La nanomédecine est une nouvelle branche de la nanotechnologie qui cherche à distribuer des médicaments pertinents et des agents d’imagerie à certains endroits du corps. L’imagerie biomédicale et l’industrie de la libération contrôlée bénéficient plus que d’autres secteurs de la nanotechnologie. Le phénomène s’explique par le fait que, d’une part, les nanomatériaux fournissent des résultats sans précédent dans le diagnostic et les thérapies, et que, d’autre part, les quantités considérables d’incitations financières, sous forme d’aides gouvernementales et de financements privés, conduisent les institutions qualifiées et les scientifiques du monde entier à étudier ces matières. Par exemple, l’oxyde de fer — lorsqu’il est conçu et fabriqué à l’échelle du nanomètre — peut concurrencer, voire remplacer, la plupart des agents de contraste de l’imagerie à résonnance magnétique (IRM) commerciale en raison de certains de ses attributs, (c’est à dire, en étant beaucoup plus sensible) nécessitant une moindre quantité par rapport aux autres agents de contraste, étant non toxique pour les humains et facile à manipuler en fonction de sa chimie (1). Les sulfures et séléniures de cadmium / tellurium / plomb de taille nanométrique en forme sphérique ou en forme de bâtonnet, également connues sous le nom de points quantiques, peuvent absorber et émettre de la lumière depuis les régions ultra-violettes (UV) jusqu’aux régions infrarouges (IR). Ce phénomène pourrait être utilisé pour construire les capteurs biomédicaux capables de détecter les espèces biologiquement pertinentes (par exemple, la glycémie, les marqueurs tumoraux, les hormones, etc.) avec un degré élevé de rapidité et de précision (2). Même en utilisant des couleurs multiples émettant des points quantiques, on peut, en principe, détecter plus d’une entité biologique en même temps. En outre, les propriétés émissives supérieures pourraient être exploitées pour développer des techniques d’imagerie de fluorescence sensibles et sélectives et à des dosages qui pourraient conduire à un diagnostic simple et rapide des maladies. Les nanotubes en or, s’ils sont irradiés par les lasers IR, peuvent générer des températures extrêmes dans le milieu environnant en raison de la résonance de plasmons de surface, et cette fonctionnalité pourrait être axée vers la destruction des tissus de la tumeur localisée, connue sous le nom de thérapie photo-thermique (3).

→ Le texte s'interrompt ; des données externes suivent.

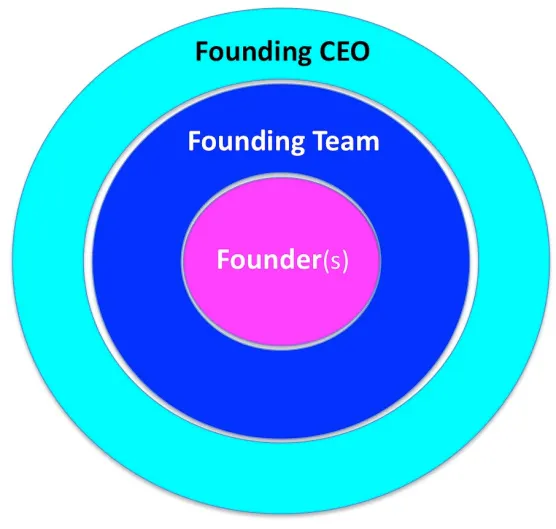 How to Build Great Founding Teams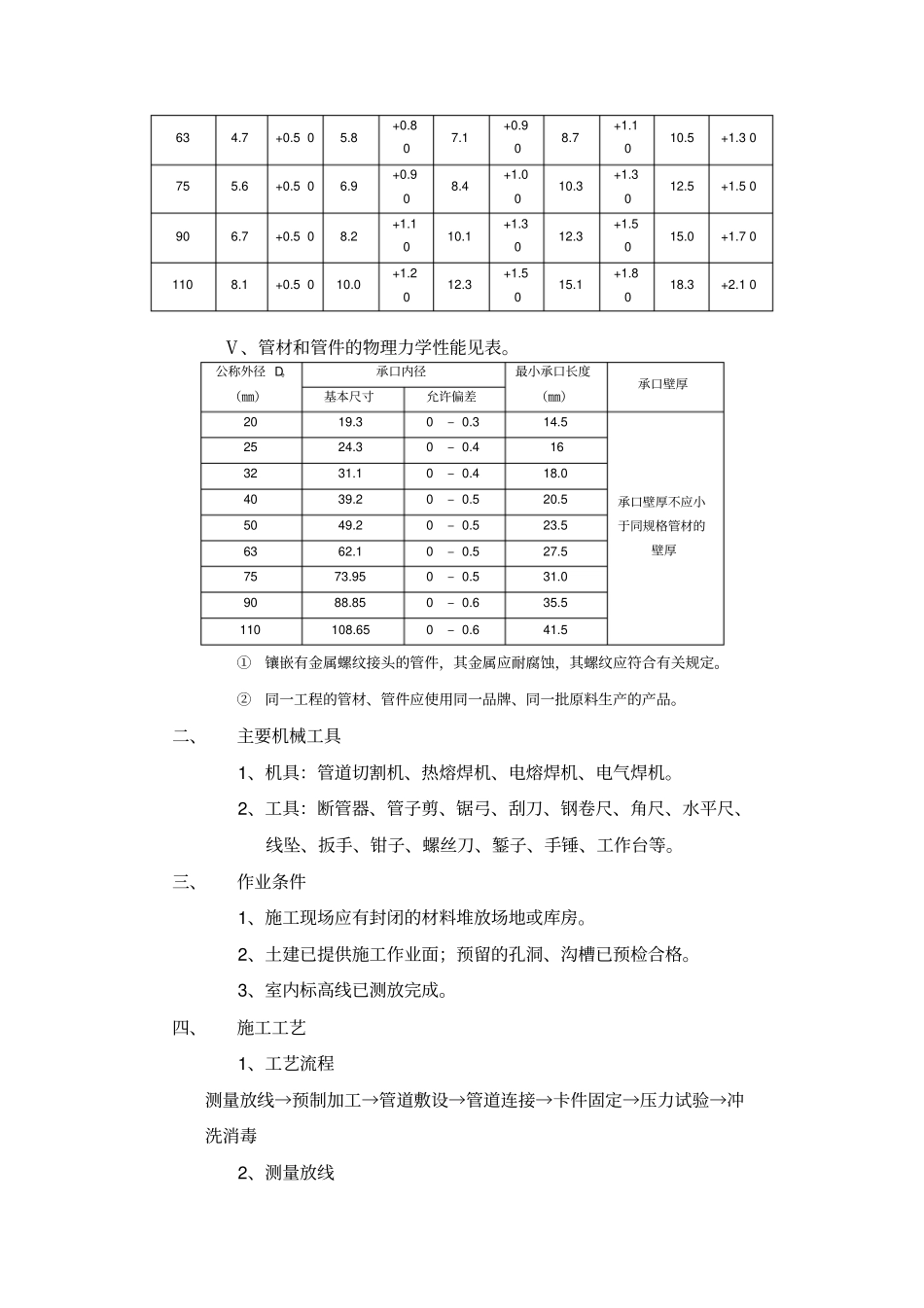 建筑给排水施工专业技术交底_第2页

Une autre classe de nanomatériaux appelé liposomes (4) peut imiter effectivement les bicouches lipidiques de la membrane cellulaire qui donne naissance à une couche protectrice autour des organites et du noyau et maintient le transport des ions et des molécules à l’intérieur et à l’extérieur de la cellule. Les liposomes synthétiques, étonnamment, peuvent accueillir des cargaisons diverses depuis les médicaments aux agents d’imagerie dans leur cavité intérieure et restituer la libération contrôlée de sa cargaison alors qu’ils circulent dans le corps, fournissant ainsi une plus longue biodisponibilité.

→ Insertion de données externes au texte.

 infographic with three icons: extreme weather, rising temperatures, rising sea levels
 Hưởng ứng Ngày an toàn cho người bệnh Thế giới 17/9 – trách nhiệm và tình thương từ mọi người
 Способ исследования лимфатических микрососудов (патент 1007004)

Une des utilisations les plus séduisantes de formulations de nanoparticules dans le traitement du cancer est leur dimension. Certaines tailles de nanoparticules peuvent pénétrer dans les sites tumoraux et être conservées dans cette région plus longtemps que des petites particules ou des molécules. Cette caractéristique extraordinaire des nanoparticules, appelée effet renforcé de perméabilité et de rétention (5), a été utilisée avec les liposomes afin d’administrer efficacement des agents chimiothérapiques aux tissus cancéreux de façon lente et contrôlée. En outre, la malléabilité chimique des nanoparticules donne lieu à des formulations intelligentes qui pourraient répondre aux stimuli externes dans les demandes de livraison de médicament. Par exemple, le fait que les cellules cancéreuses aient des valeurs de pH inférieures aux cellules normales a été utilisé pour déclencher la libération et la livraison de médicaments sur le terrain (6). Une approche alternative aux traitements conventionnels est la thérapie génique, dans laquelle le gène défectueux ou mutant a été réintroduit dans les cellules avec un autre gène fonctionnant correctement afin d’enrayer la maladie (7). Les nanoparticules, surtout leurs homologues polymériques, ont montré des résultats prometteurs en encapsulant, transportant et délivrant le gène sain dans les cellules souhaitées.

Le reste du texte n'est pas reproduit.